The Perfect Portfolio

The ideal portfolio may be different for every investor, but that doesn’t mean there are 150 million perfect variations.

Nevertheless, based on the Model Portfolios on our Web site and the strategies we manage for clients, there are probably at least 60,000 combinations that could qualify.

How can an investor choose the right one?

In this article, I’ll walk through the steps I use when I’m meeting for the first time with a client. I hope this will give you some good ideas on how to put together a combination that’s just right for you.

The first conversation I have with any new client is about risk. It’s the most basic part of investing, the topic that most of the industry (and most investors) would be happy to avoid altogether.

Let me be blunt about this: Investors who don’t understand risk can’t understand the decisions and choices they must make.

I ask the client to imagine that he (or she) is in a bank applying for a loan. Soon you realize that at the next desk, Bill Gates is also applying for a loan. Which borrower is likely to be more attractive to the bank? Bill, of course.

The bank would always rather lend its money to him than lend it to you, because there is simply no question about his ability to pay the money back. He’s as close to a risk-free borrower as the bank could have.

But Bill Gates is not the sort of person who would hesitate to take advantage of his position. If he told the bank he wouldn’t pay more than 3 percent interest, and you were willing to pay 5 percent, what would the bank do?

In this case, the bank is in the same position as an investor. It can lend money to Bill Gates and earn 3 percent in a risk-free transaction. Or it can lend money to you and collect 5 percent in a transaction that has some risk.

The bank has to decide whether the extra return is worth the extra risk.

This is exactly the challenge that smart investors face, over the whole spectrum of investment choices.

In a bond, there are two main risks: maturity and credit. Maturity refers to the fact that rising interest rates tend to depress the prices of longer term bonds more than shorter-term bonds. This makes long-term bonds riskier than short-term bonds.

Credit risk refers to the fact that repayment from a blue-chip company is more reliable than repayment from a company struggling to find enough customers to meet its obligations.

In a stock, there are many risks. But in the aggregate, smaller companies are more risky than bigger ones, and “value” companies are more risky than growth companies.

Because these risks are well known, over long periods of time value stocks and small-company stocks offer higher returns than growth stocks and large-company stocks.

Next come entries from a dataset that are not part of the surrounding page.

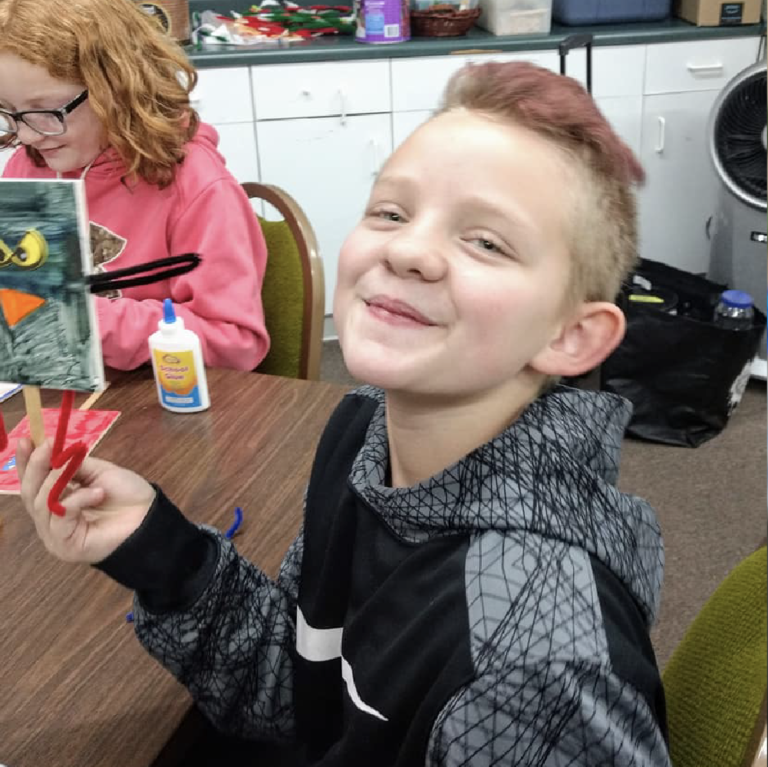 A boy smiles at the camera while participating in a program at the Carnegie Arts Center in Alliance, NE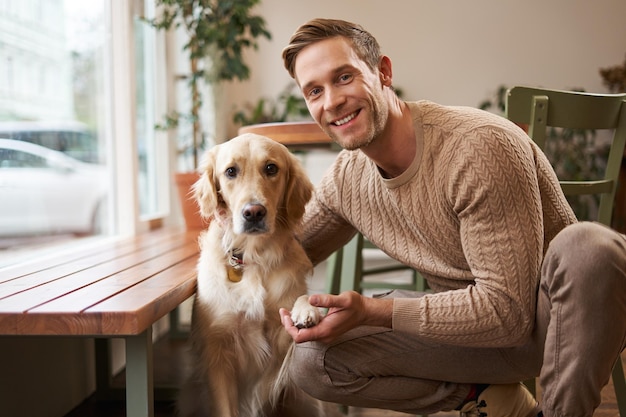 Retrato de un encantador golden retriever y un hombre guapo en una cafetería un lindo perro da una pata y toma una foto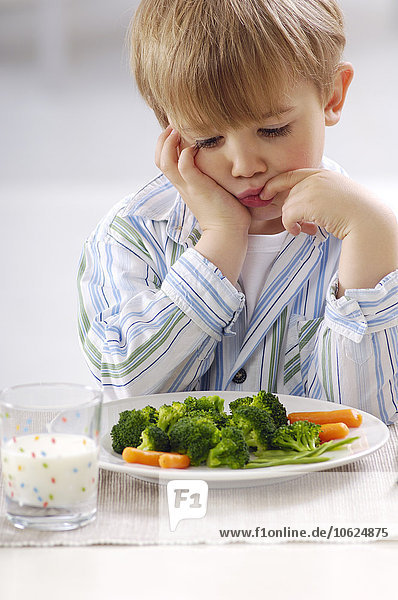 Porträt des kleinen blonden Jungen mit Blick auf den Teller mit Gemüse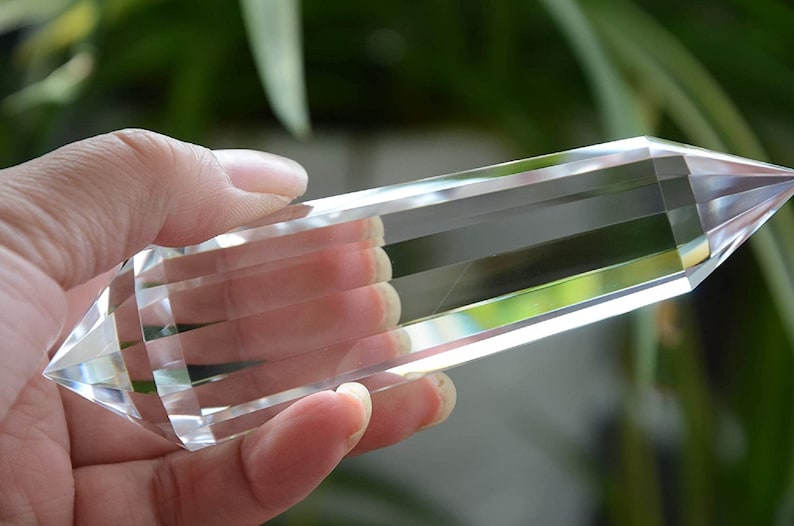 May include: A clear quartz crystal point, also known as a double terminated crystal, is held in a hand. The crystal is long and slender with a pointed tip at each end. The crystal is clear and transparent, and the light reflects off of its facets.
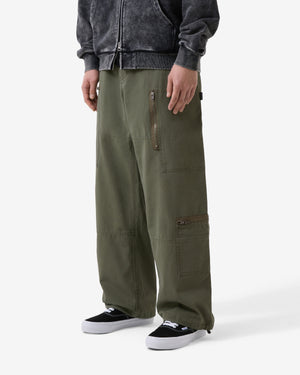 Person wearing olive green cargo pants on a white background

At this point in the conversation, I show the client a graph called “Theoretical Balance of Risk and Return.” You’ll see it in Figure 1A, below.

This is pretty simple, but you’ll need to understand this graph in order to follow the upcoming discussion.

The top end of the dotted line in Figure 1A represents the risk and return level of the Standard & Poor's 500 Index from 1973 through 2002, while the bottom end represents the risk and return of Treasury notes.

The area on the right side of this graph represents higher risks; the area on the left represents lower risks. Similarly, the area at the top represents higher returns, the bottom represents lower returns.

Once you understand this, you’ll see that the perfect investment strategy would wind up in the upper left corner of this graph, where risk is lowest and return is highest.

We’ll be looking at a series of graphs laid out this same way, always looking for combinations of assets that have more return (closer to the top) and less risk (closer to the left).

By looking at the ends of the dotted line in Figure 1A, you can easily see that, just as you would expect, T-notes have much less risk (on the left side of the graph) but also have lower return (lower on the graph) than the Standard & Poor's 500 Index.

The point in the middle of that line shows what you might expect from a 50/50 combination of T-notes and the S&P 500 Index. This represents the halfway point of both risk and return between T-notes and the index.

However, it doesn’t work out that way in real life. You’ll see that in Figure 1B below, which shows a solid line based on actual combinations of these two assets.

The solid line in Figure 1B is bent toward the left and toward the top of the graph. You can see that a 50/50 combination of the S&P 500 Index and T-notes produced more than the average of the two returns, at less than the average risk of these two assets.

In Figure 1C below, you’ll see where various combinations of these two assets land on the graph. Every intermediate combination is higher than – and to the left of – where it would fall on the straight dotted line we saw in Figures 1A and 1B.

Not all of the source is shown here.